Communiqué par notre ami Victor Serge, pseudonyme, ancien responsable du Comité Contre la Répression au Maroc, Liège, et ancien membre de la Coordination Internationale des Comites de lutte contre la Répression au Maroc.
Depuis quelques années se répandent de manière insidieuse les atteintes à la mémoire de Mehdi Ben Barka, l’un des leaders importants du tiers-monde, symbole de la résistance au colonialisme et du combat contre le néocolonialisme, le sionisme et l’impérialisme. Elles passent par la désinformation, la calomnie, l’insinuation ou l’amalgame.
Reprenant un article d’un universitaire tchèque, Jan Koura, en date de novembre 2020, The Observer (l’édition dominicale du journal britannique The Guardian) publie le 26 décembre 2021 un article au titre accrocheur : «Le chef de l’opposition marocaine Mehdi Ben Barka était un espion, suggèrent les dossiers de la Guerre froide». The Observer reprend quasi intégralement les thèses avancées par Jan Koura. Ces deux textes (celui de Jan Koura en particulier) reproduisent de manière détaillée l’article d’un journaliste tchèque, Petr Zidek, publié par l’hebdomadaire français L’Express en juillet 2007.
Rien donc de nouveau sous le soleil de la calomnie. Ce n’est pas la première fois que la mémoire et la figure de Mehdi Ben Barka sont attaquées. Plutôt que s’en prendre à ses idées et à son parcours militant, ses ennemis, ses adversaires et ses détracteurs essaient de le faire passer pour un quelconque espion à la solde de tel ou tel service de renseignement, aujourd’hui la Sûreté de l’État tchécoslovaque (StB), hier le Mossad israélien, pourquoi pas demain la CIA ou même le Cab-1 marocain?
LA «STORY» DE JAN KOURA
À partir de documents déclassifiés de la StB, Jan Koura prétend sans aucun recul ni regard critique que Mehdi Ben Barka aurait entretenu d’étroites relations avec elle et aurait été rémunéré pour ses services. Il perd de vue qu’il s’agit de matériel brut, produit par un service de renseignement, peut-être expurgé ou incomplet, en tout cas sujet à caution. L’article de The Observer s’inscrit dans la même logique, sans aucune enquête complémentaire. Il ne tient pratiquement pas compte des remarques que j’ai formulées quand le journaliste m’a sollicité au sujet de l’article de Jan Koura.
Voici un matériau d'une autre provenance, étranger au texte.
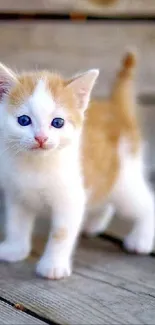 Adorable orange and white kitten on wooden floor background.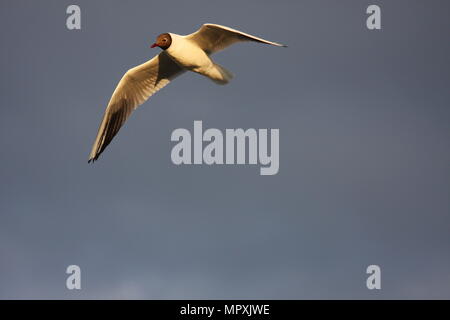 Mouette oiseau survolant le ciel bleu. Banque D'Images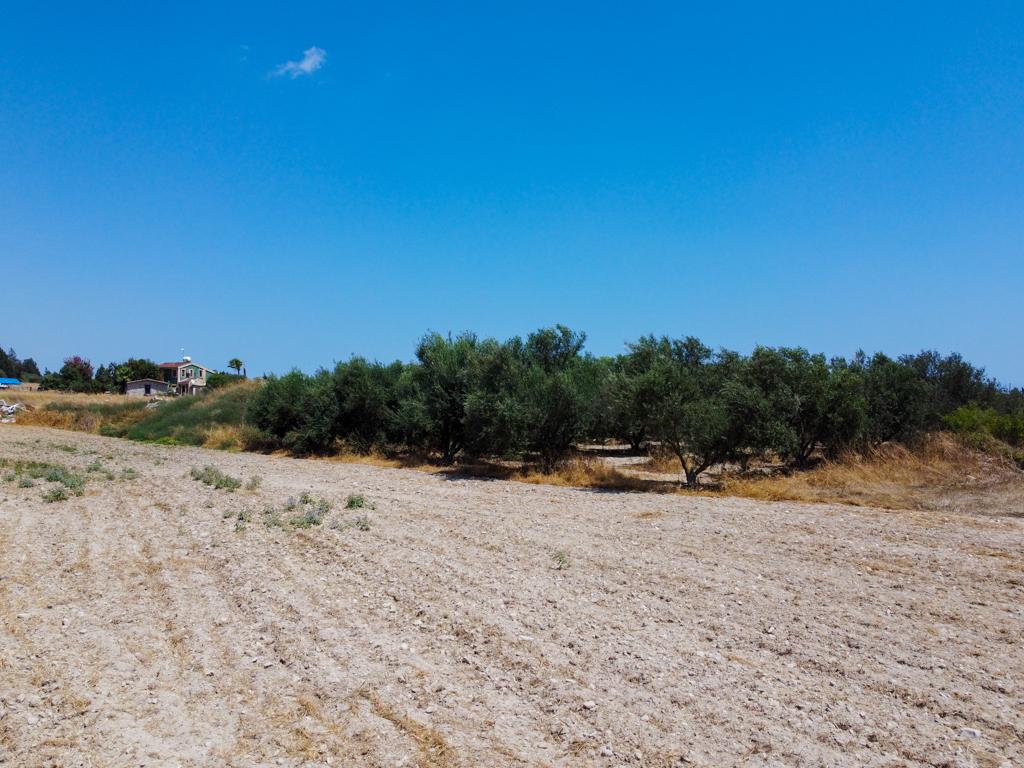 agricultural-field-for-sale-in-apostolos-loukas-quarter-in-aradipou-CY2413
En l’absence de preuves matérielles, faudrait-il croire sur parole les auteurs de ces articles lorsqu’ils avancent des affirmations aussi ridicules concernant le leader du mouvement afro-asiatique, le militant progressiste au passé incontestable? À les en croire, Mehdi Ben Barka serait devenu un agent des services secrets tchécoslovaques, manipulé par un deuxième secrétaire d’ambassade à Paris. Dans l’article de L’Express, Petr Zidek avait au moins émis quelques réserves, indiquant par exemple l’absence de pièces prouvant la matérialité des prétendus liens entre Mehdi Ben Barka et la StB.
La rencontre — probablement fortuite — à Paris en 1960 de Mehdi Ben Barka avec l’agent tchèque dont le nom de code est «Motl» a certainement intéressé les dirigeants tchécoslovaques. Ils connaissaient la position importante qu’avait déjà acquise Mehdi Ben Barka dans le tiers-monde. Ils ont vu là une opportunité d’avoir des analyses pertinentes sur la situation internationale et ont demandé à leur agent de la poursuivre. En revanche, il est évident que Mehdi Ben Barka ignorait totalement la fonction réelle de Motl (officiellement conseiller d’ambassade).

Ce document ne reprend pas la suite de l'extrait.